For the first time ever, Caitlin was grateful for her mother-in-law being so uptight, and for her father-in-law always reaching for the quickest ways to keep his wife happy. They were all here—the anti-anxiety meds, the prescription sleep aids. It was an impressively stocked pharmacy for a second house that Beverly hardly even visited anymore. Caitlin knew that this was nothing compared to the mother lode she’d surely find at their estate in Ohio—not that she’d ever been in their bedroom there. She was still too much of a guest and not enough of a family member for that.

Caitlin herself hardly ever took medicine unless she absolutely had to. Those years of trying to get pregnant, and then being pregnant, and then nursing, she’d gotten used to suffering through cold and flu season on nothing but an occasional Tylenol. Her father-in-law had once gently joked, after Caitlin may have overreacted to a giant red goose egg that appeared on Leo’s head while her in-laws were babysitting—the origins of which they had not the slightest idea—that Caitlin herself could perhaps benefit from an occasional Xanax. Obviously he’d never come to know her very well; the idea was ridiculous. Beneath her smooth surface, Caitlin was far too anxious to take an anti-anxiety pill. What if it affected her strangely? What if she didn’t feel like herself? Or what if she liked it too much? What if she did something out of character in front of the boys?

No. Not for her.

Caitlin lifted the first prescription bottle timidly and read its label. Then another. And another. Her ears strained for any sounds of Finn rousing.

The only way Finn would let her walk out of here with Bear was if Finn was unable to stop her. And the only way that was going to happen was if he didn’t have his faculties about him. Confusion or exhaustion probably wouldn’t cut it. She was going to have to render him unconscious.

But she didn’t want to harm him. It would have to be just enough for him to perhaps feel sick, to let his guard down and doze off, and to not be easily woken. By the time he came to, she might even have made it all the way to Asheville with Bear and the twins. At least, she’d have a pretty good head start. She’d never driven directly there from here, but she guessed it to be about three hours.

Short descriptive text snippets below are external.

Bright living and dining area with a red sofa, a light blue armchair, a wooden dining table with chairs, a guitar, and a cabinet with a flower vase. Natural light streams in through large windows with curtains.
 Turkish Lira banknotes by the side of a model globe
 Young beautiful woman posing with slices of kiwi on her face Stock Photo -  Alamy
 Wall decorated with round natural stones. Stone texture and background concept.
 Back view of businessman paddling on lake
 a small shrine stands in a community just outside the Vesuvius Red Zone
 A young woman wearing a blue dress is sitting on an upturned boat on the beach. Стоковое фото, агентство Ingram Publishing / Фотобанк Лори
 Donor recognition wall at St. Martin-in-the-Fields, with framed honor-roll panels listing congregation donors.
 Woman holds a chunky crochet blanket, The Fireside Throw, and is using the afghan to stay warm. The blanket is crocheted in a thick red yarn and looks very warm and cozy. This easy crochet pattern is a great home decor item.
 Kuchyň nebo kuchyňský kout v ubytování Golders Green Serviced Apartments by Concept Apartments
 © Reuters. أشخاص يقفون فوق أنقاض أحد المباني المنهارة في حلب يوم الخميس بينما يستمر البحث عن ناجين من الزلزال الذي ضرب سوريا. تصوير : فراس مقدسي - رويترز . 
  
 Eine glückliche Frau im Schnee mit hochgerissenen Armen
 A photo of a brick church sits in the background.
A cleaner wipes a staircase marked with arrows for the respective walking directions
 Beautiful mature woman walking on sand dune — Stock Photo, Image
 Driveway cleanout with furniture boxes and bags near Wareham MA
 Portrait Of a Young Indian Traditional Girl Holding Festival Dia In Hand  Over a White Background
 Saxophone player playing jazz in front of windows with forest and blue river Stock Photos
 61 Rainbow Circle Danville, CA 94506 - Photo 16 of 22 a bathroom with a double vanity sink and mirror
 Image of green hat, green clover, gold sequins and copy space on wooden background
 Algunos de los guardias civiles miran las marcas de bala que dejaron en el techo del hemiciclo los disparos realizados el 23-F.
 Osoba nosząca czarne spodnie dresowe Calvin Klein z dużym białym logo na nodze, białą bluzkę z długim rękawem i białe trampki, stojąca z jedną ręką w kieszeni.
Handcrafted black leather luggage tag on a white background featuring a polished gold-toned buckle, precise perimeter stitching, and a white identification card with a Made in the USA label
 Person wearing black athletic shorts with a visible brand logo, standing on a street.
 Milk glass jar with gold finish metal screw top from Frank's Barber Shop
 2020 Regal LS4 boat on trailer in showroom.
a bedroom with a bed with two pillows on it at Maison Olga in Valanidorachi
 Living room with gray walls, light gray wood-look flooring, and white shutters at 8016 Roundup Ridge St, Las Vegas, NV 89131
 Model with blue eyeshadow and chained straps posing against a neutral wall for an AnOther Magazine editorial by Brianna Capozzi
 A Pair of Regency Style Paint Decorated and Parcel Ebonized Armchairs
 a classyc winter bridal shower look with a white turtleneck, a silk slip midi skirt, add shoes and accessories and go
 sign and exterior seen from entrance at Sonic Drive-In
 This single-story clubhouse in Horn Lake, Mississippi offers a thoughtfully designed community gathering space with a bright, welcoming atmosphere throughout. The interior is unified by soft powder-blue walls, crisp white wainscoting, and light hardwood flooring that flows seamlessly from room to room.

After much deliberation, she twisted the childproof top off the bottle of Ambien. She shook out an oblong white pill and touched it briefly to the tip of her tongue. She couldn’t detect much of a taste. Some chalkiness, maybe a bit of a mineral flavor. She’d have to mask it, to be sure, but at least it didn’t have the strong bitterness of, say, a Tylenol that didn’t go down with the first swig of water.

Ambien it was.

She would have to slip it into his morning coffee, the first chance she got—there was no telling what else the day might bring. That meant she’d have to use enough of the sleep aid to overpower the caffeine. She shuddered at what could happen if she gave him too much—but it was risky to underdose him, too. How to determine the sweet spot in between? She knew better than to search the Web. She couldn’t afford to leave any evidence of her plan, in case something went horribly wrong.

Just as when she’d gotten in the car and driven down here, she was going to have to wing it.





21

AUGUST 2016

In another universe, one where things had played out differently, Violet might have been glad—giddy, even—to find out all these years later that Finn had looked for her right away after all. That he had flown home from the beach, as she had, still thinking of their encounter, of how he might find her against the odds, of the fact that there was something unfinished between them—something that could be the start of something new, something wonderful, something real, something meant to be.

So what if he had been detoured on his path to finding the woman he’d been looking for all along?